= THE DATA =
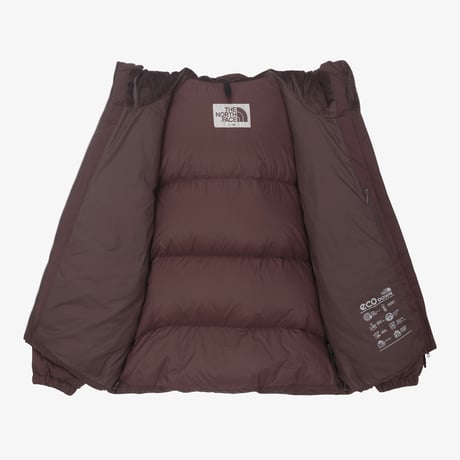 【ユニセックス】FREE MOVE RDS DOWN JACKET BROWN NJ1DQ52K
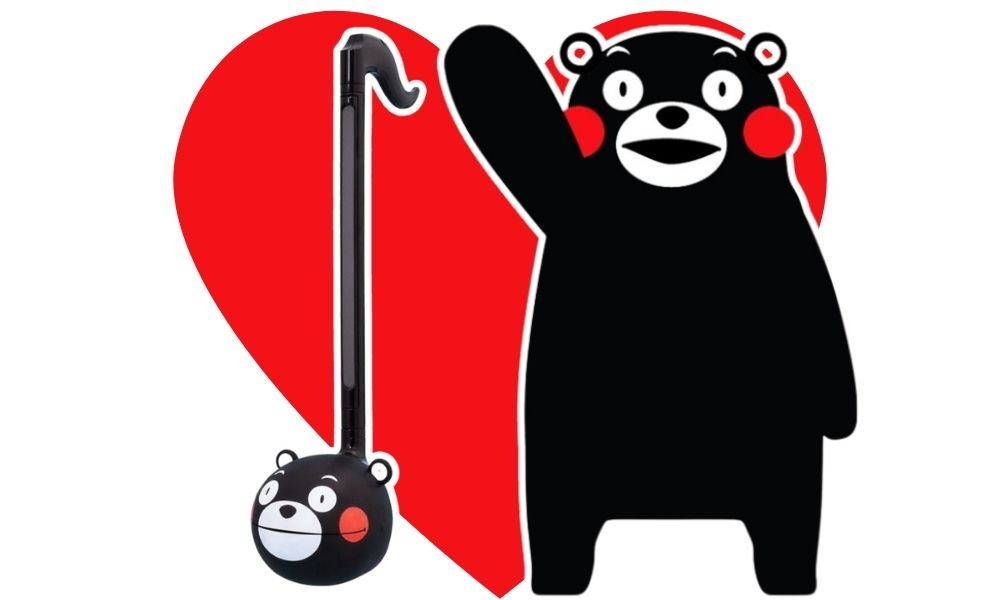 Cube Kumamon Otamatone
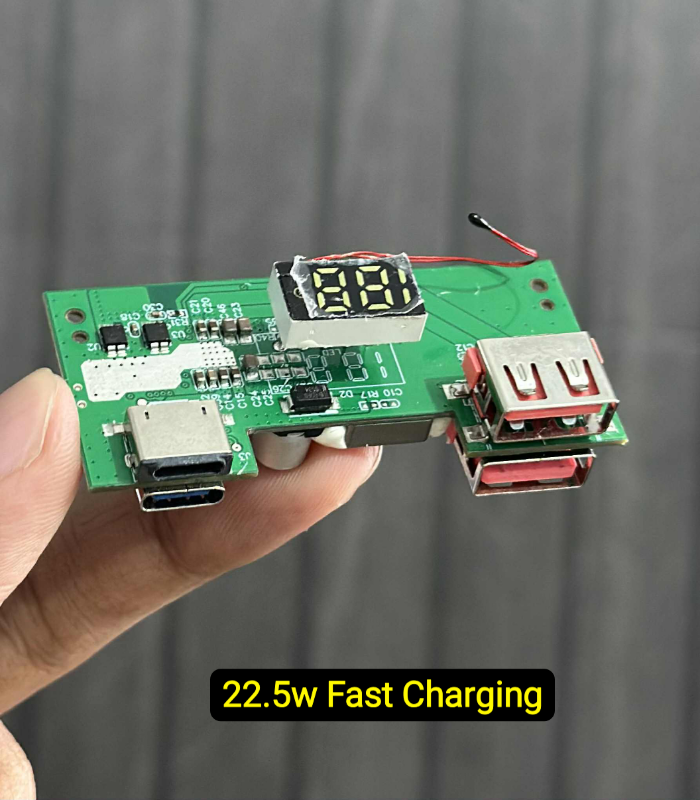 22.5w fast charging Power Bank Module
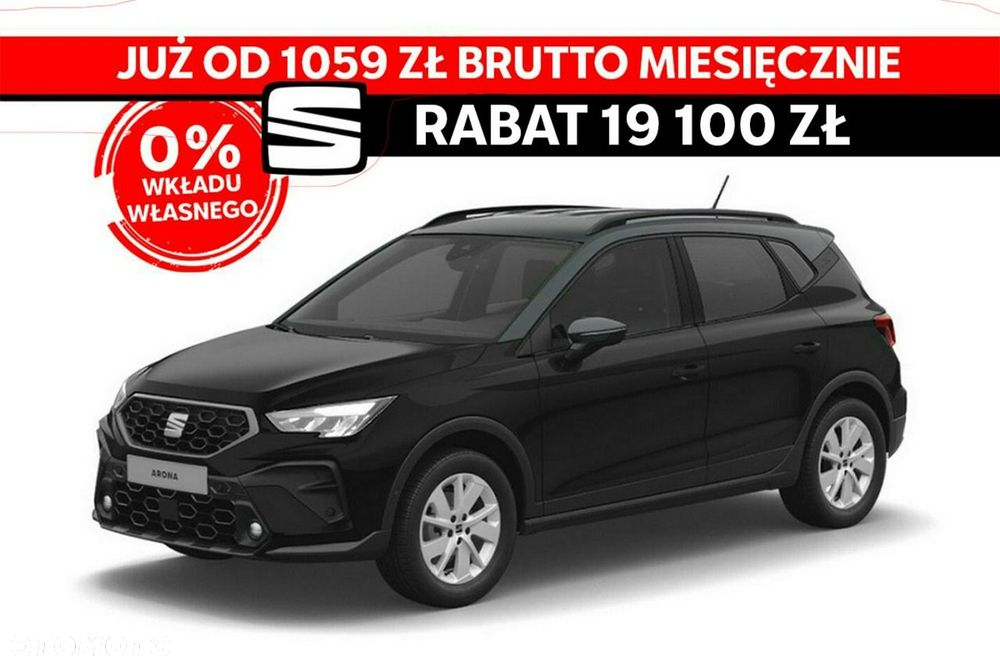 SEAT Arona Style 1.0 TSI 115 KM Dostępny od ręki!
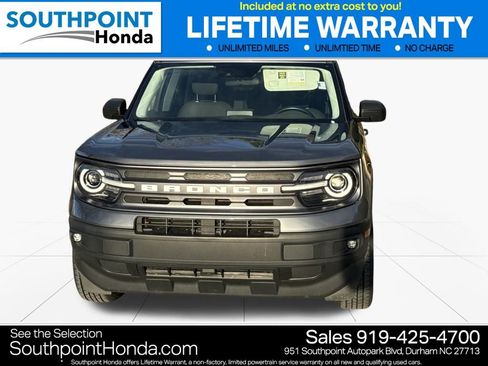 Used 2023 Ford Bronco Sport Big Bend w/ Convenience Package image 2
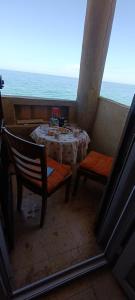 En generel havudsigt eller havudsigten taget fra lejligheden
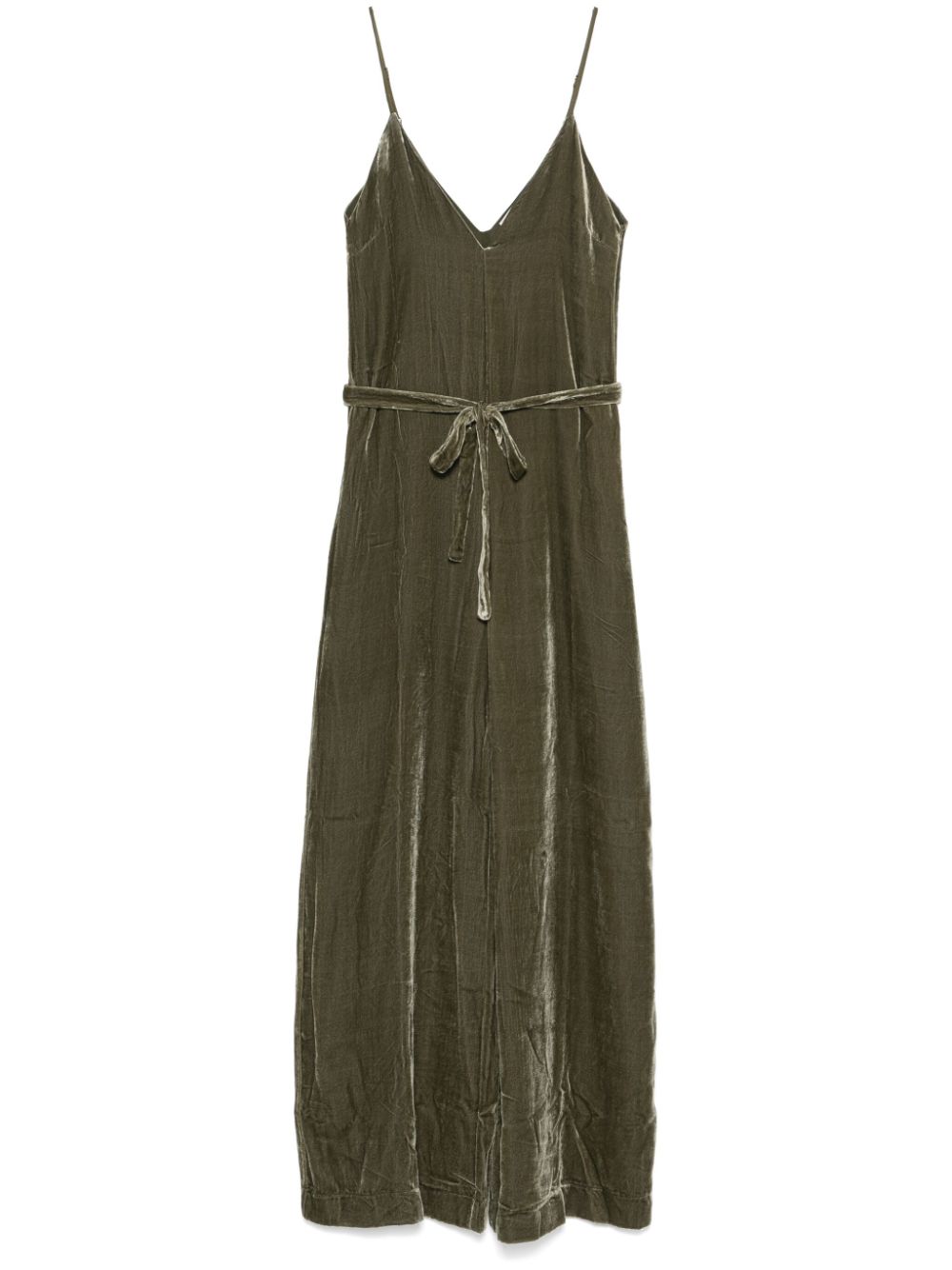 GOLD HAWK Dresses Green Rayon Silk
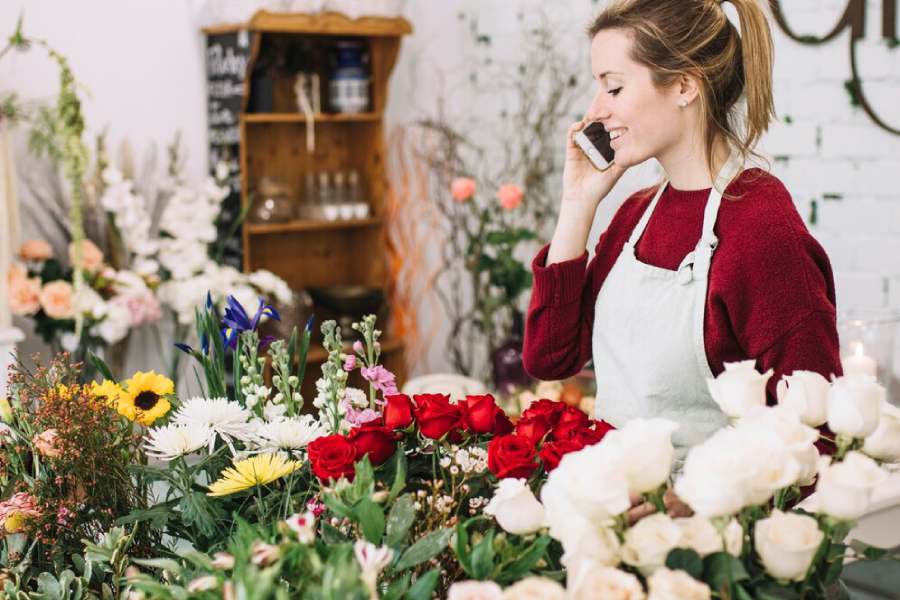 What flowers are for celebration?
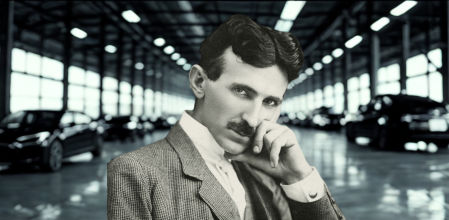 Nikola Tesla fue el primer gran referente de Elon Musk.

= WHAT YOU SHOULD DO =
What is needed is an exact copy of the lines from the line with "22.5w fast charging Power Bank Module" to the end of the data above, both included, without any pictures.

= ANSWER FOR THIS EXERCISE =
 22.5w fast charging Power Bank Module
 SEAT Arona Style 1.0 TSI 115 KM Dostępny od ręki!
 Used 2023 Ford Bronco Sport Big Bend w/ Convenience Package image 2
 En generel havudsigt eller havudsigten taget fra lejligheden
 GOLD HAWK Dresses Green Rayon Silk
 What flowers are for celebration?
 Nikola Tesla fue el primer gran referente de Elon Musk.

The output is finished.